This report presents the research findings from a joint China and EU project on New Skills for New Jobs in the context of the crisis and its impact on vulnerable groups.
Many sectors with existing structural problems have suffered severely from the economic crisis. Strategies have been put in place in China and the EU to support vulnerable groups to facilitate their reintegration into the labour market. As recovery kicks in, both China and the EU share a common interest in upskilling the workforce as a means to allow productivity growth and sustainable economic development.
In the long term, China and the EU both face challenges linked to climate change. In the proposed growth sectors, the movement towards a low carbon economy is expected to transform jobs and skills demand and introduce new skills and occupational profiles. The number of green jobs anticipated in China and the EU is significant, but the shortage of ‘green talent’ is a problem that needs to be addressed.
There are also similarities in the demographic challenges faced by China and the EU. In both cases the population is ageing, with ageing even more advanced in China than the EU.
Both China and the EU share a common aim to upskill the labour force and recognise that the majority of those that need upskilling are already in work.

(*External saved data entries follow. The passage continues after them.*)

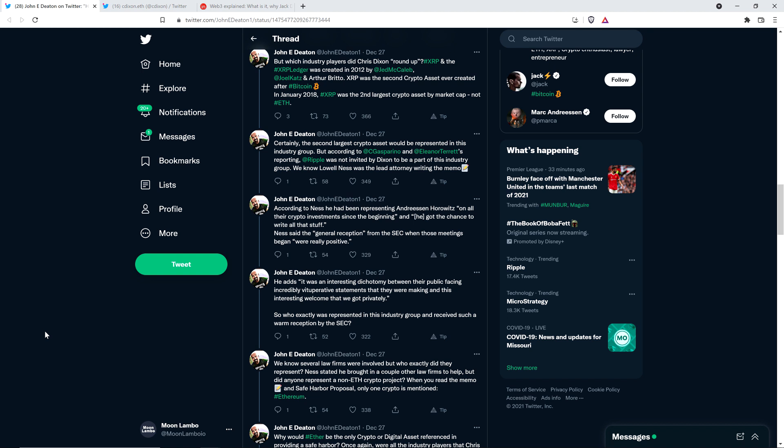Certainly, the second largest crypto asset would be represented in this industry group. But according to Charles Gasparino and Eleanor Terrett's reporting with Fox Business Network, Ripple was not invited by Dixon to be a part of this industry group. We know Lowell Ness was the lead attorney writing the memo. According to Ness, he had been representing Andreessen Horowitz on all their crypto investments since the beginning, and he got the chance to write all that stuff.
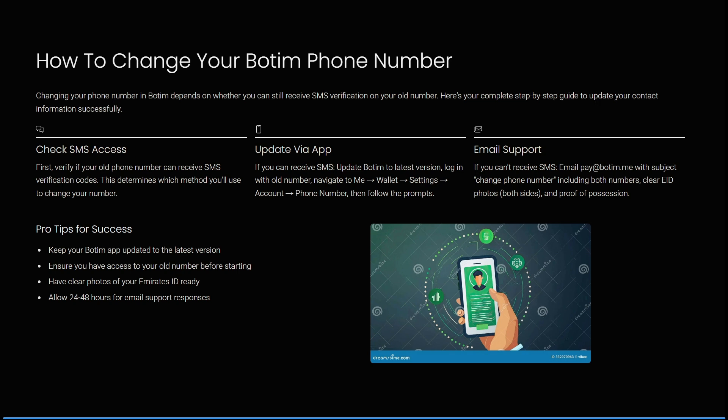In the event that you can't receive SMSs on that number, you need to email pay@botim.me with the subject 'Change Phone Number', including both of your phone numbers, clear Emirates ID photos of both sides, and proof of possession.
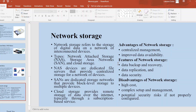Advantages of network storage include centralized management and improved data availability. Disadvantages include very high cost, complex setup and management, and potential security risks if not properly configured.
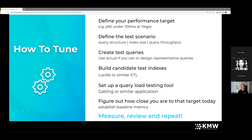Second, define your test scenario: what does the query look like, are you using filters, what index are you going against, what is the index size, and what is the query throughput? Third, have test queries you can execute — a representative set that replicates real-world behavior. If you're already in production with actual queries, replay those. Fourth, build candidate test indices. Fifth, set up the query load testing tool. Then take measurements: establish tests, run them, get metrics, evaluate them, change settings, and repeat.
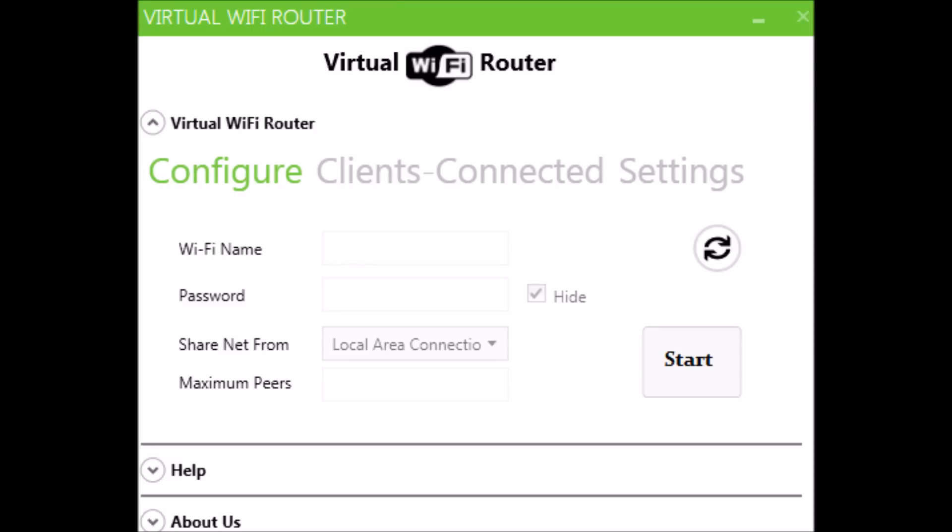But I have a solution for it. Hope it works. First of all, download a software called Virtual Router and install it. Then open it and fill the information it asks,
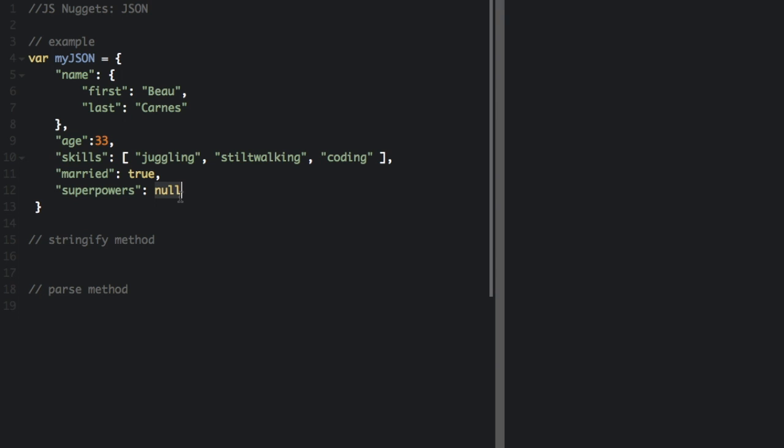Since the JSON format is text-only, it can be easily sent to a server through a URL. When exchanging data between a browser and a server, the data can only be text. That's why JSON can be very useful. There are two important methods for using JSON in JavaScript.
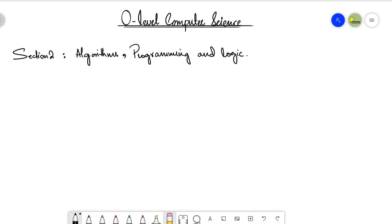Assalamu alaikum students, this is Faiwa Batur and welcome to the course of O-level computer science. In this video I am going to particularly talk about section number 2, that is algorithms, programming and logic.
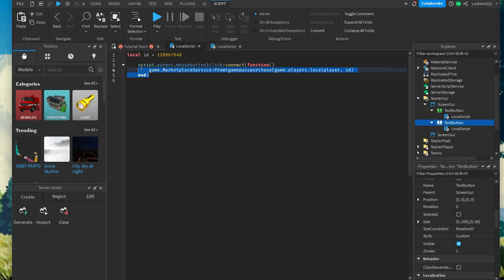Next, right-click Screen GUI and select Insert Object. Add a Text Button, which will show up on your screen. You can further customize this button if you want to. And when you are done, right-click the Text Button and select to add another object, which will be a local script.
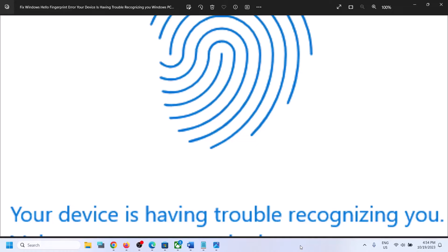Hello guys, welcome to my channel. So on your Windows computer, if you are receiving this error message with Windows Hello Fingerprint — that error is 'your device is having trouble recognizing you, try again' — then please follow the steps shown in this video.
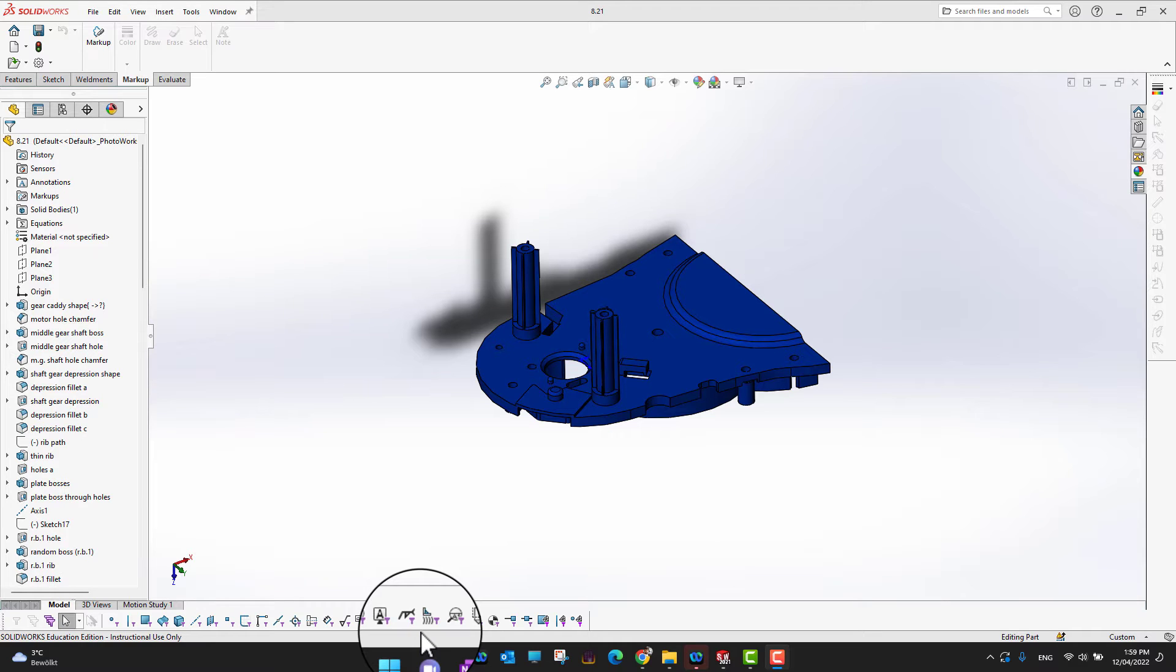Thank you for watching. In this video we're going to cover the Markup tool. The Markup tool is similar to eDrawing or when you're editing a PDF using the hand tool. Markup is pretty handy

It is a challenging task to ensure that individuals have access to and actually take up training and that the relevant stakeholders understand the need to provide accessible training to existing workers. In China, skills development is seen as a necessity for productivity growth given the erosion of low cost labour.
Furthermore, there is huge regional / country difference in the economic setup and performance within China and the EU respectively, which requires flexible policy making according to the different regional and country situations.